He wasn’t the only one at the theater company’s big celebration tooting his own horn. Toronto architect Jack Diamond, who designed the $89 million edifice, took a swipe at the competition. “Too many theaters are blind. You don’t have a sense of how the theater connects with the street,” said Diamond, comparing his newest design — which looks out onto a busy city street — to the windowless Kennedy Center complex.

Another star of the evening was gala chairman Ann Nitze. “I’ll tell you the attraction for coming down from New York,” said guest Pat Patterson. “Ann Nitze — she called me 10 times and twisted my arm.”

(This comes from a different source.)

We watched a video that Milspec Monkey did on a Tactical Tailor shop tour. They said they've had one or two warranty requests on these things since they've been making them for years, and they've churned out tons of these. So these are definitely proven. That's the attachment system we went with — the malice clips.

Partying started early with pre-embassy cocktails Saturday night at the Harman’s D.C. home, where Secretary of State Condoleezza Rice led the list of powerful political women including Sen. Susan Collins and former Democratic vice presidential candidate Geraldine Ferraro. “We’re going to have Condi play at the new theater,” Jane Harman told guests.

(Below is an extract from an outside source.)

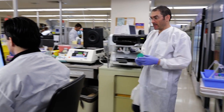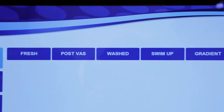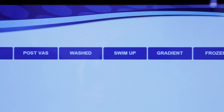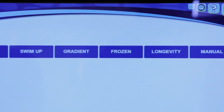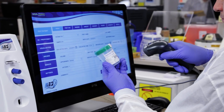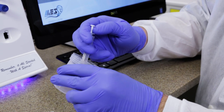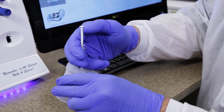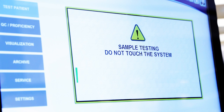Now it's time to test a patient. The SQA Vision can run eight different sample types to meet the testing requirements of any facility performing semen analysis or doing any kind of sperm preparation. To run a sample, input some basic patient information and mix thoroughly. Load the disposable testing capillary and insert it into the instrument. The test starts automatically.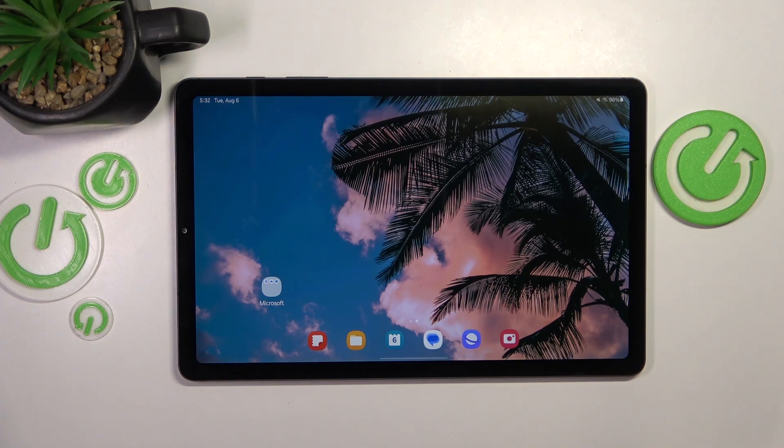This is Samsung Galaxy Tab S6 Lite and today I'll show how you can fix slow system issues on this device.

Sunday night’s embassy parties also included dinner at Villa Firenze, the elegant home of Italian Ambassador Giovanni Castellaneta and his wife, Lila. With racks of shimmering dresses designed by Renato Balestra on display in the front hall in preparation for a fashion show at the embassy Wednesday, Lila Castellaneta accessorized her magenta and black Balestra cocktail dress with a swirl of wriggling fur — her new five-month-old bichon frise puppy named PoFac, which means “puffy cheeks” in her native Persian.

Winding up the party triathlon, the gang reconvened Monday night for a gala performance. As outgoing British Ambassador Sir David Manning aptly observed: “This event deserves a glass of Champagne in each hand.”

This story first appeared in the October 2, 2007 issue of WWD.  Subscribe Today.

Up north, a social set of a different order convened on Thursday night in New York, when Louis Vuitton’s Antoine Arnault and Daniel Lalonde toasted the cast of “The Darjeeling Limited” with a dinner at La Grenouille. The evening held an air of an eclectic family reunion with players from Wes Anderson films past and present, including Anjelica Huston, Noah Baumbach, Waris Ahluwalia, Amara Karan and Roman Coppola, breaking baguette with Francesco and Chiara Clemente, Susan Gutfreund and Jacqui Getty, who had just flown in from Los Angeles.

The one-of-a-kind custom-made luggage Marc Jacobs created for the film took center stage during a silent auction, but Jason Schwartzman was stuck with another accessory for the night — a wooden cane. “I broke a couple of toes two weeks ago in a soccer accident,” he explained. “I personally don’t think I need the cane, but my doctor thinks I may have to use it for up to six weeks.”

Adrien Brody’s accoutrements, namely a pair of Day-Glo orange chaussures, also earned him some attention. “They had put aside a good selection of suits for me,” said the actor, who had gone to the Vuitton boutique on Fifth Avenue earlier that day to pick out his getup. “But I asked them, ‘Would you mind if I dressed in something a little different?'”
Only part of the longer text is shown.